“Are we really obliged to give a smartphone to a child entering sixth grade?” Asks the director of the e-Enfance association

“It’s been almost a generation of children who have been exposed to pornographic content without any adult awareness”, said this Wednesday, September 28 on franceinfo Justine Atlan, director of the e-Enfance association, after the publication of a report from the Senate calling for better regulation of pornography on the internet. The director of the association calls on justice to “penalize pornographic sites” not respecting the law. “Are we really obliged to give a smartphone to a child entering sixth grade?”she also asks.

franceinfo: Is it a good thing for you that these parliamentarians are taking up this subject?

Justine Atlan, director of the e-Enfance association: Absolutely. I would say that one has the impression that it is discovered today whereas it is nevertheless almost twenty years that pornography is widely developed on the Internet today. In this case, minors are exposed to it. It is therefore almost a generation of children and adolescents who have been exposed to pornographic content without any adult awareness. It is very recent that adults, whoever they are, realize how their children are so banally, massively and easily exposed to pornographic content, when obviously, I remind you that it is totally illegal.

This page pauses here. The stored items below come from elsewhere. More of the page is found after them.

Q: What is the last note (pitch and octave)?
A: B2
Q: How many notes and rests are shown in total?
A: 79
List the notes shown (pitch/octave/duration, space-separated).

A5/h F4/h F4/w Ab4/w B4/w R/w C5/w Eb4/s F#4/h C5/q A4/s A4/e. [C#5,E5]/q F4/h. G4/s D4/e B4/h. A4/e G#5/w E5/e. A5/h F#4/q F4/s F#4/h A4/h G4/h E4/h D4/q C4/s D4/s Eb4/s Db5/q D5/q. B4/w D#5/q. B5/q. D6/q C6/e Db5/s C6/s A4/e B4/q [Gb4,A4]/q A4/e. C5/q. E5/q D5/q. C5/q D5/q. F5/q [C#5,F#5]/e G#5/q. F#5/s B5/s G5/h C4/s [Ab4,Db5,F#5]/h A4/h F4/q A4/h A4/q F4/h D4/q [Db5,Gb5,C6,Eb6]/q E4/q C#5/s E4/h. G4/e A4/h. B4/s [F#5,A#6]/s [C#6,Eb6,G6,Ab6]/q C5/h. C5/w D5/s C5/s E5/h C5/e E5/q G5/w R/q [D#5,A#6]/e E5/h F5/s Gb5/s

Should there be a vast awareness campaign for parents?

Of course it has to be done because we have a real social issue, there is indeed a huge generational gap between the generation that was born with digital technology and parents who did not know it as young people , who did not have this activity in their adolescence. These parents are incapable, and this is normal, of representing what it is today to be 12 or 13 years old with these digital tools. And then, and this is once again normal, we always think that our child is different from the others and that he will not be exposed to a certain number of risks and that he will know how to circumvent them. This means that we don’t talk to them about it and not talking about these subjects to your children is the worst thing. Protecting your children means informing and communicating. There is also the subject of school and this calls into question the missions that we are going to give to national education. Is it there only to transmit knowledge to brains? Is she there to educate children and teenagers who are developing and who need to be armed for their adult life? In adult life, there is affective and sexual life.

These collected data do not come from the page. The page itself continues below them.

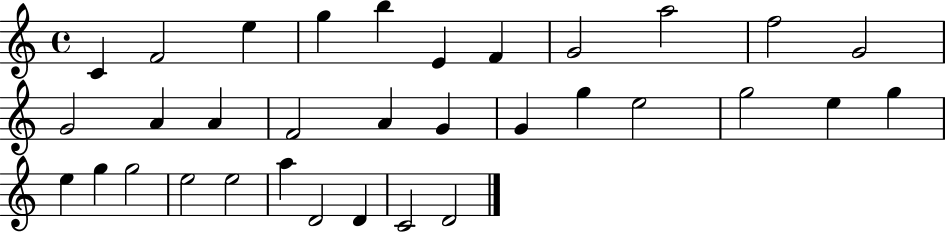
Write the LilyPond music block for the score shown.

{
  \clef treble
  \time 4/4
  \defaultTimeSignature
  \key c \major
  c'4 f'2 e''4 | g''4 b''4 e'4 f'4 | g'2 a''2 | f''2 g'2 | \break g'2 a'4 a'4 | f'2 a'4 g'4 | g'4 g''4 e''2 | g''2 e''4 g''4 | \break e''4 g''4 g''2 | e''2 e''2 | a''4 d'2 d'4 | c'2 d'2 | \break \bar "|."
}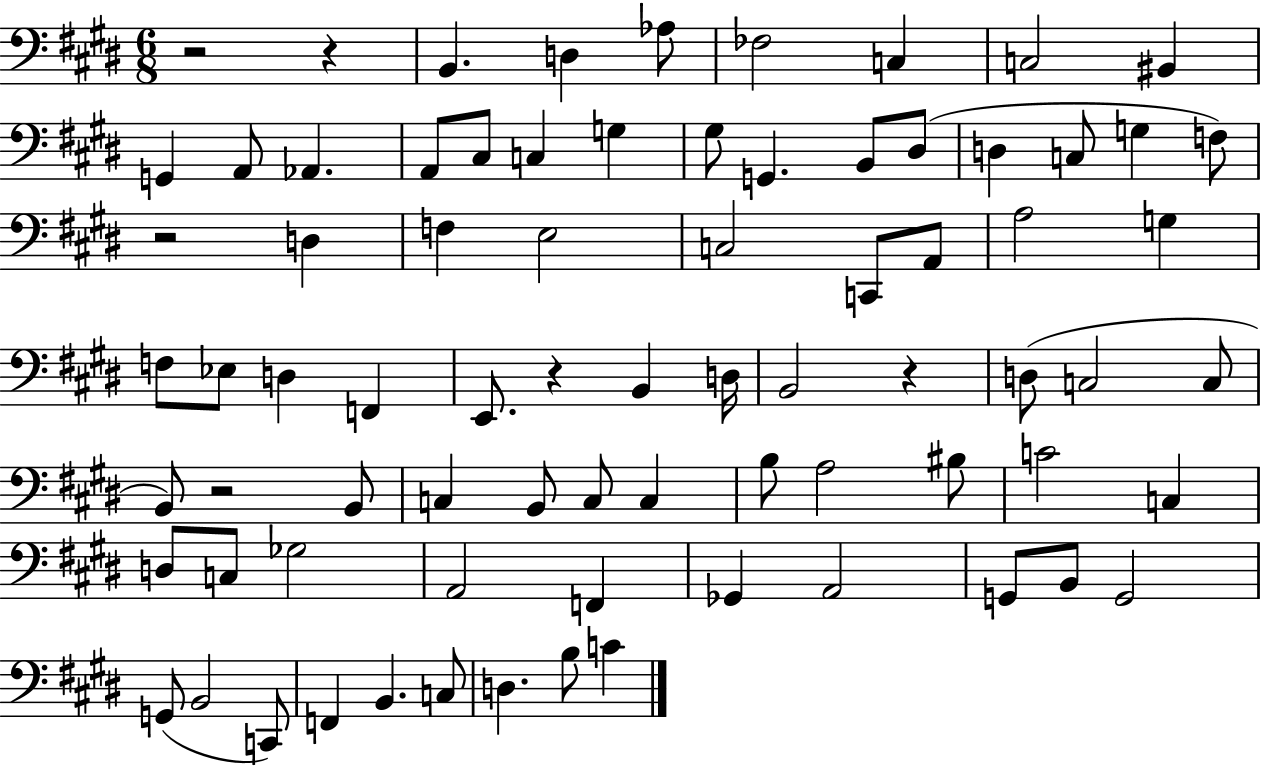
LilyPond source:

{
  \clef bass
  \numericTimeSignature
  \time 6/8
  \key e \major
  r2 r4 | b,4. d4 aes8 | fes2 c4 | c2 bis,4 | \break g,4 a,8 aes,4. | a,8 cis8 c4 g4 | gis8 g,4. b,8 dis8( | d4 c8 g4 f8) | \break r2 d4 | f4 e2 | c2 c,8 a,8 | a2 g4 | \break f8 ees8 d4 f,4 | e,8. r4 b,4 d16 | b,2 r4 | d8( c2 c8 | \break b,8) r2 b,8 | c4 b,8 c8 c4 | b8 a2 bis8 | c'2 c4 | \break d8 c8 ges2 | a,2 f,4 | ges,4 a,2 | g,8 b,8 g,2 | \break g,8( b,2 c,8) | f,4 b,4. c8 | d4. b8 c'4 | \bar "|."
}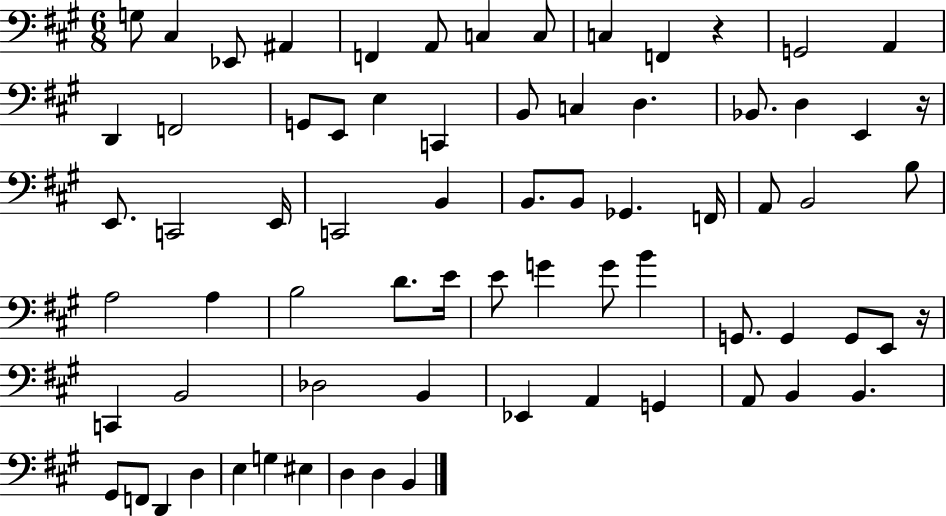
X:1
T:Untitled
M:6/8
L:1/4
K:A
G,/2 ^C, _E,,/2 ^A,, F,, A,,/2 C, C,/2 C, F,, z G,,2 A,, D,, F,,2 G,,/2 E,,/2 E, C,, B,,/2 C, D, _B,,/2 D, E,, z/4 E,,/2 C,,2 E,,/4 C,,2 B,, B,,/2 B,,/2 _G,, F,,/4 A,,/2 B,,2 B,/2 A,2 A, B,2 D/2 E/4 E/2 G G/2 B G,,/2 G,, G,,/2 E,,/2 z/4 C,, B,,2 _D,2 B,, _E,, A,, G,, A,,/2 B,, B,, ^G,,/2 F,,/2 D,, D, E, G, ^E, D, D, B,,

There are 23 recommendations in this Senate report. Couldn’t many be simply summed up as “enforcing the law”?

Absolutely. This is also one of the titles of a recommendation that may seem completely absurd. And yet, there is a law which was reinforced two years ago which stipulates that it is no longer enough to ask an Internet user if he is 18 or not to access a pornographic site, but that it is necessary give a way to verify that he is indeed 18 years old. This is an obligation made to all porn sites. Well, now, this law hasn’t applied for two years. There are several legal proceedings in progress and I must say that we are a little disarmed to see that the justice system itself lacks the courage to sanction pornographic sites.

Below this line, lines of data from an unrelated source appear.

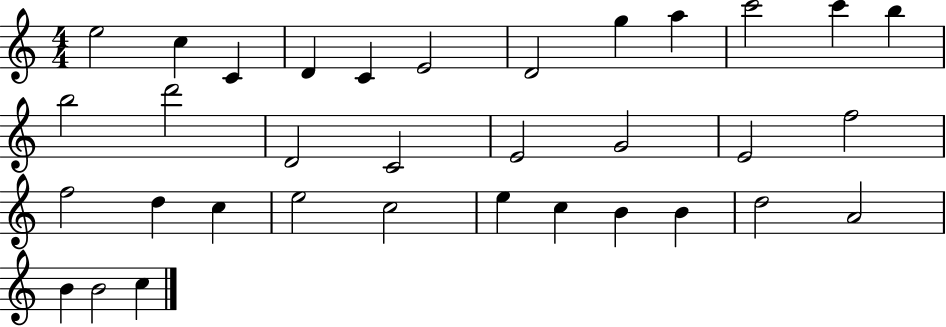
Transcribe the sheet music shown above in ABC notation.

X:1
T:Untitled
M:4/4
L:1/4
K:C
e2 c C D C E2 D2 g a c'2 c' b b2 d'2 D2 C2 E2 G2 E2 f2 f2 d c e2 c2 e c B B d2 A2 B B2 c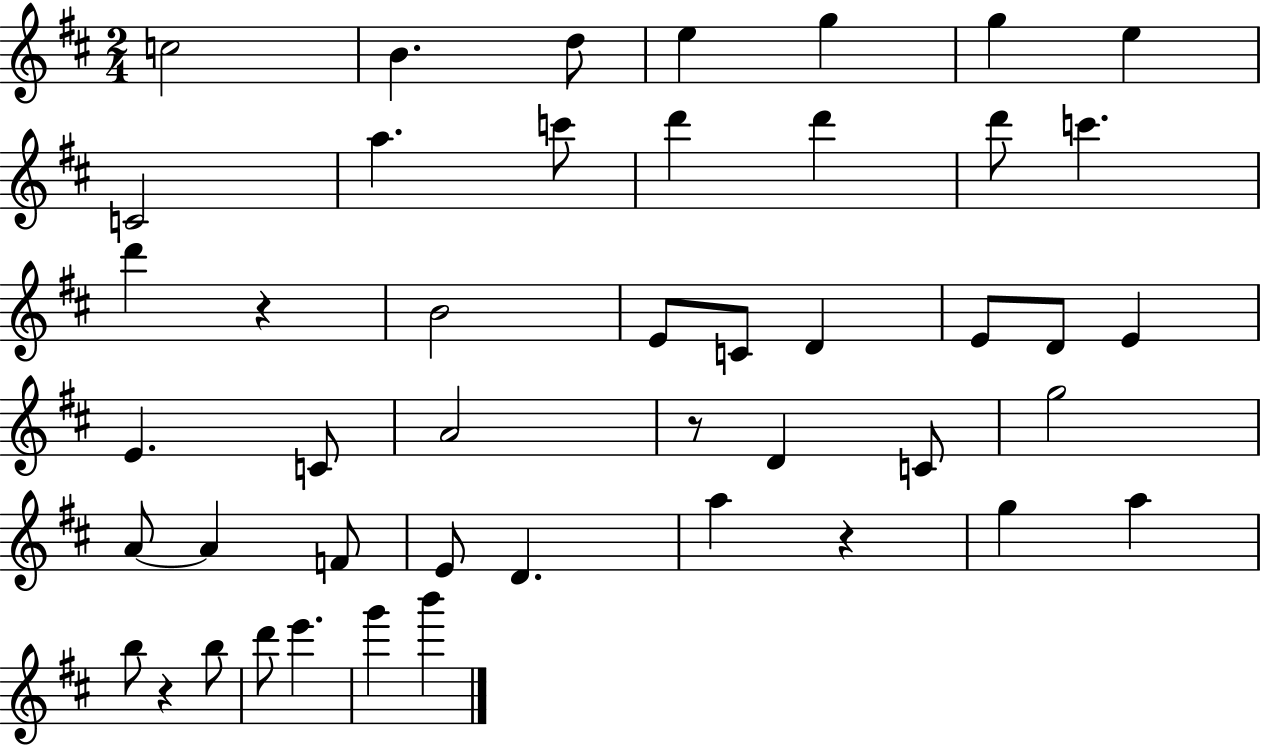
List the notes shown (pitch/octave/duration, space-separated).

C5/h B4/q. D5/e E5/q G5/q G5/q E5/q C4/h A5/q. C6/e D6/q D6/q D6/e C6/q. D6/q R/q B4/h E4/e C4/e D4/q E4/e D4/e E4/q E4/q. C4/e A4/h R/e D4/q C4/e G5/h A4/e A4/q F4/e E4/e D4/q. A5/q R/q G5/q A5/q B5/e R/q B5/e D6/e E6/q. G6/q B6/q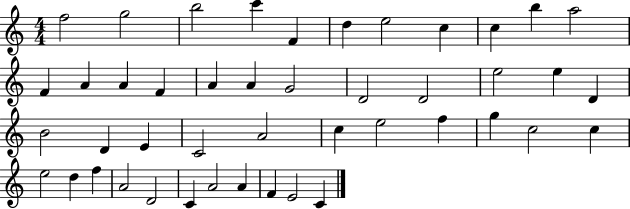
F5/h G5/h B5/h C6/q F4/q D5/q E5/h C5/q C5/q B5/q A5/h F4/q A4/q A4/q F4/q A4/q A4/q G4/h D4/h D4/h E5/h E5/q D4/q B4/h D4/q E4/q C4/h A4/h C5/q E5/h F5/q G5/q C5/h C5/q E5/h D5/q F5/q A4/h D4/h C4/q A4/h A4/q F4/q E4/h C4/q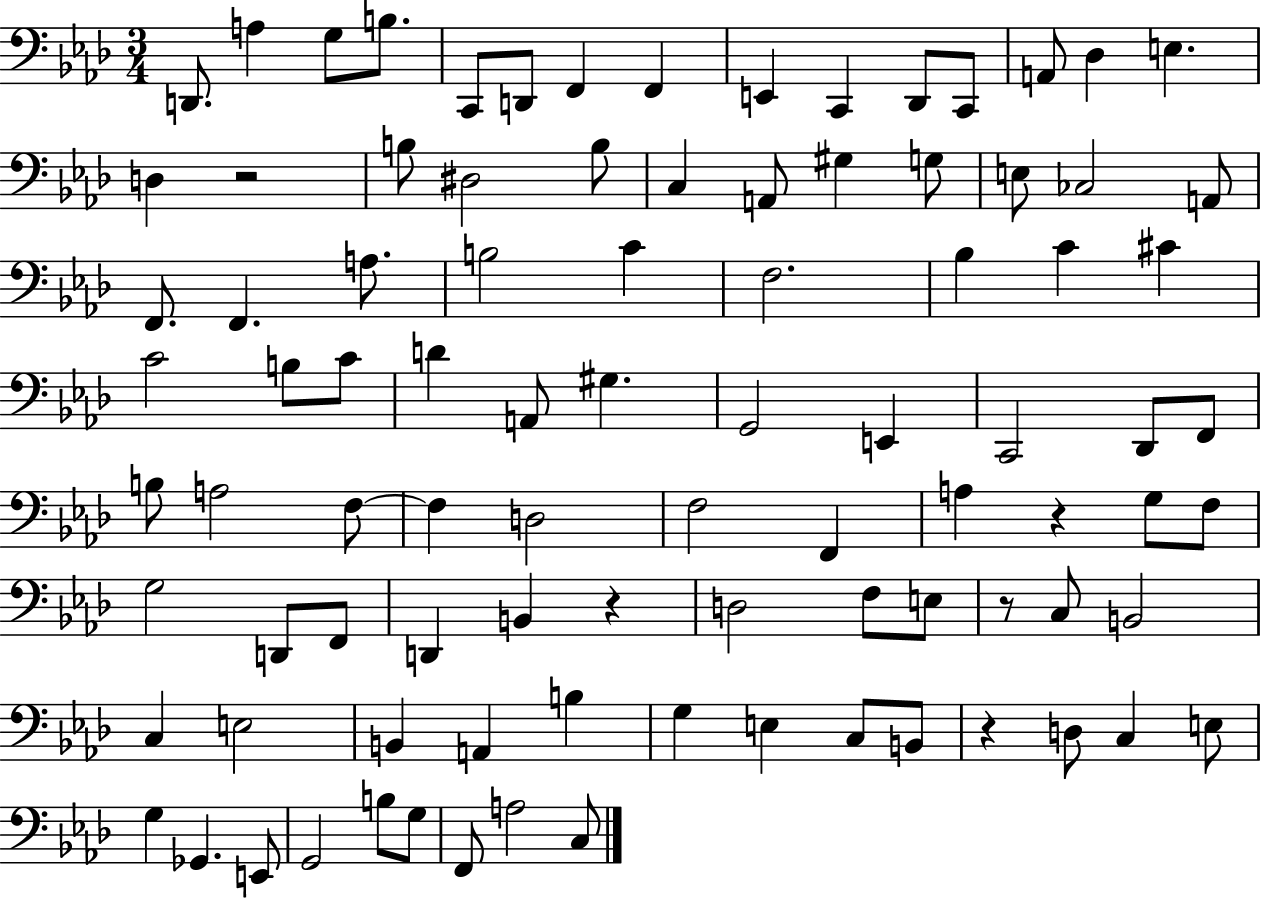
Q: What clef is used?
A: bass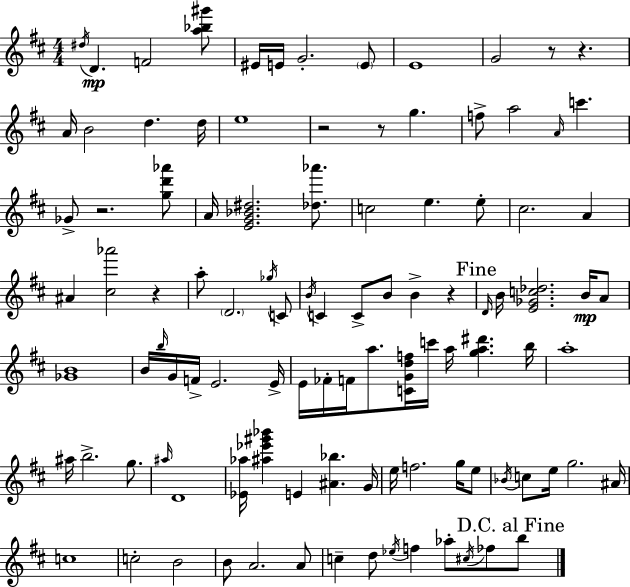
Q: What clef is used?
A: treble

What do you think of this recommendation to activate parental control by default on smartphones when a telephone subscription is taken out for the use of a minor?

It’s a very old idea. We’ve been asking for it for fifteen or twenty years, but it’s not been implemented at all. Installing it by default, indeed, when a subscription is taken for a minor, that would be the least of things. However, it should also be noted that there are many subscriptions that are taken out by parents who will take out a classic subscription or will give their old phone to their children. Beyond that, there is a more important question to ask: are we really obliged to give a smartphone to a child entering sixth grade? Today, we are a bit stuck with proposals from manufacturers who put us in front of a smartphone or nothing. We could perhaps rehabilitate simple telephones. A lot of parents want to give their kids a smartphone just for phone calls, not necessarily for internet access. There may also be a field to dig, to be able to offer young people a telephone with calls and SMS without necessarily having access to the internet.